RODRIGO CATRIL, SENIOR FX STRATEGIST, NATIONAL AUSTRALIA BANK, SYDNEY
“The Bank of Japan has not changed its policy officially and there is a commitment to keep its easy policy for longer.
“The big question of the moment however is what does its intention of flexibility around the 10-year target of zero mean. At this point, it’s very unclear what they mean by allowing long-term rates to go up and down. That is as vague as it can be. The proof will be in how they react in the open market operations. It will be interesting to see how they allow 10-year JGB rates to increase. That will set a tone for the market.
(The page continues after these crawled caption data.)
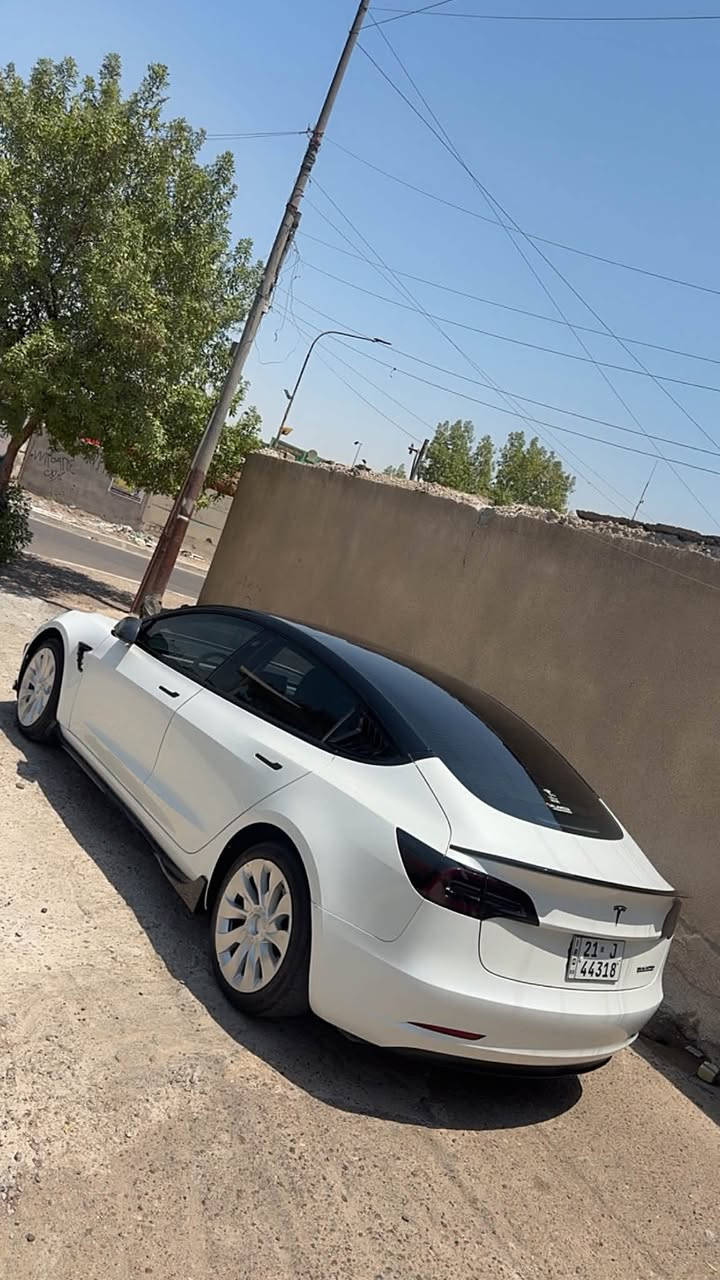 شلونكم حبايب
سيارتي للبيع تيسلا موديل 3  تك ماطور 2023  

تمشي بلشحنه من 420 الى 450 كيلو

السياره اونلاين وع شرط اول سياره تجيني التحديثات ومحدثه ومربوطه فون كي 

السياره ماشيه 19 الف بس وحادثها موجود بدون ايرباك وبدون كلشي مكفوله من كل الدواخل وع ايدي 
قطعه تبديل نفس اللون وبيها اماكن pdr بس

مكفوله شاصي لغد كلشي   

السياره عليها عازل حراره وتضليل اصلي 

عليها كت كامل من كلشي ببالك 

كفر كامرات

بردات

لحيه اصليه 

دوسات 

دفيوزر وياها جايني بطريق
سبايدر 
سكوبات

 ستيرن كاربون اصلي ألياف حقيقيه مو تغليف مائي

مفصل مال شاشه متحرك ويه الستاند 

داخل كله لد اللوان ع تلفون  

شاشه خلفيه ضايف الها 

كت داخلي  كاربون وكنتارا 

شاحنه متغيره 

السياره جديده  وع ايدي ومتحتاج مصرف اصلا 

مكانها بغداد شارع فلسطين

رايدها ب 170 وبيها مجال بسيط 🤍 

رقمي ***********
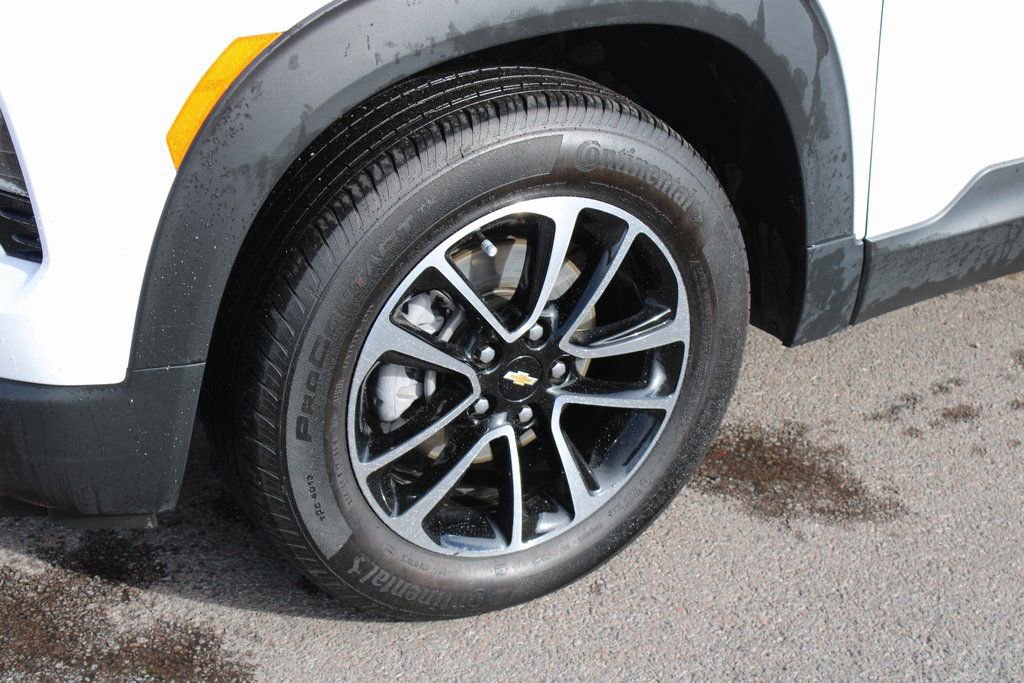 Used 2025 Chevrolet TrailBlazer LT image 12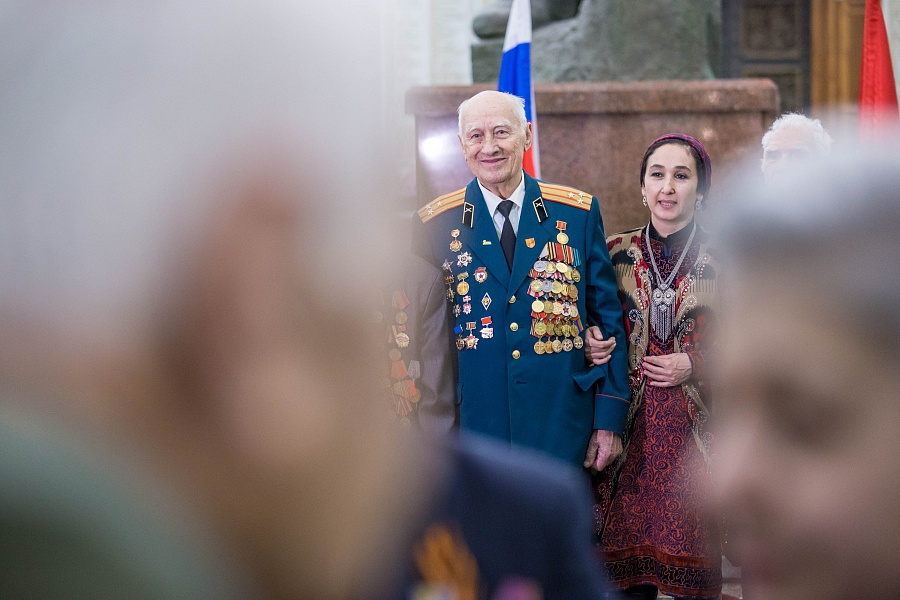 В Москве более 400 ветеранов встретились на 12-м «Бале Победителей», организованном при поддержке ОМК - фото 19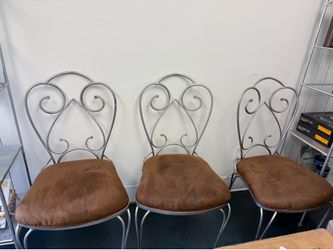 Dining chairs/ side chairs
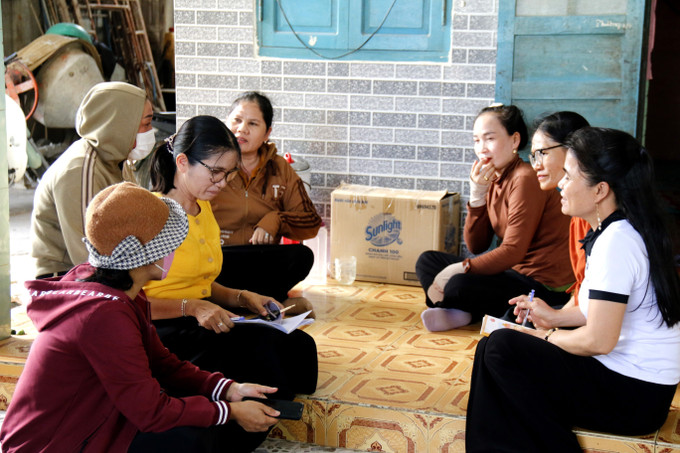 Tổ Phụ nữ tham gia đảm bảo an ninh trật tự tại xã Bắc Bình (Lâm Đồng) tuyên truyền chính sách pháp luật cho người dân. Tổ Phụ nữ tham gia đảm bảo an ninh trật tự tại xã Bắc Bình (Lâm Đồng) tuyên truyền chính sách pháp luật cho người dân.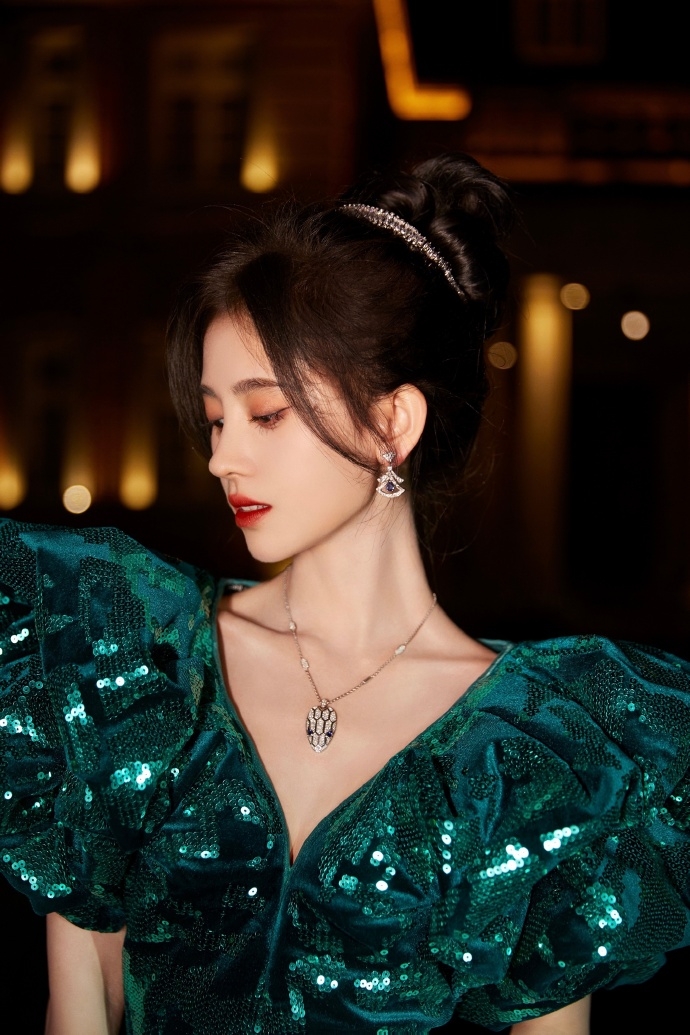 【微博之夜女星造型】迪麗熱巴/鞠婧禕/Angelababy/倪妮/關曉彤/楊冪/宋茜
“Then the big question would be to what extent will the BOJ buy JGBs. Their guidance of 80 trillion, as we know, has been just a guidance since the yield curve control was introduced. They have been buying at a much slower pace. So from an easing perspective they have essentially been tapering. If there’s more tapering from this new policy then the question will be how the market reacts to that. But that remains to be seen.
“We now have to see what Kuroda says. That will give us some clarity in terms of what the flexibility means. The market is definitely cautious at this point. Hopefully we’ll get some more clarity when Kuroda speaks later today.”
NICK TWIDALE, ANALYST, RAKUTEN SECURITIES AUSTRALIA, SYDNEY
“The market is a little bit disappointed. I think there is some propensity for USD/JPY to move higher in the short-term back up to 112.50 and then look to challenge 113 levels. What we were looking for was a bit of clarification certainly on the YCC control, moving forward. It’s what the market hinted we get and we’ve got half of what was expected. Because we’ve had such a good move in USD/JPY down from 113 to 111 level I think there is the propensity for it to retrace some of that.
“We got the news to the market and it came a week ago, we had the reaction to that. Now they’ve come through and give a bit more clarity. I think it’s been a fairly smooth operation, they’ve done a good job in that respect.
“Some of the people are referring to stealth tapering and I think that is an important factor. That could see yen appreciation over a more medium-term.”
HIROAKI MUTOU, CHIEF ECONOMIST, TOKAI TOKYO RESEARCH INSTITUTE
“It is a very mild policy change by the BOJ but its policy vector is heading towards tightening. The BOJ’s message was to let long-term yields go higher.
“I think the BOJ was successful in tweaking its policy scheme which did not greatly impact markets but introduced a tool, forward guidance for policy rates, for future tightening.
“The BOJ will be able to send a subtle message to the markets by tweaking its words in forward guidance for policy rates in the future.”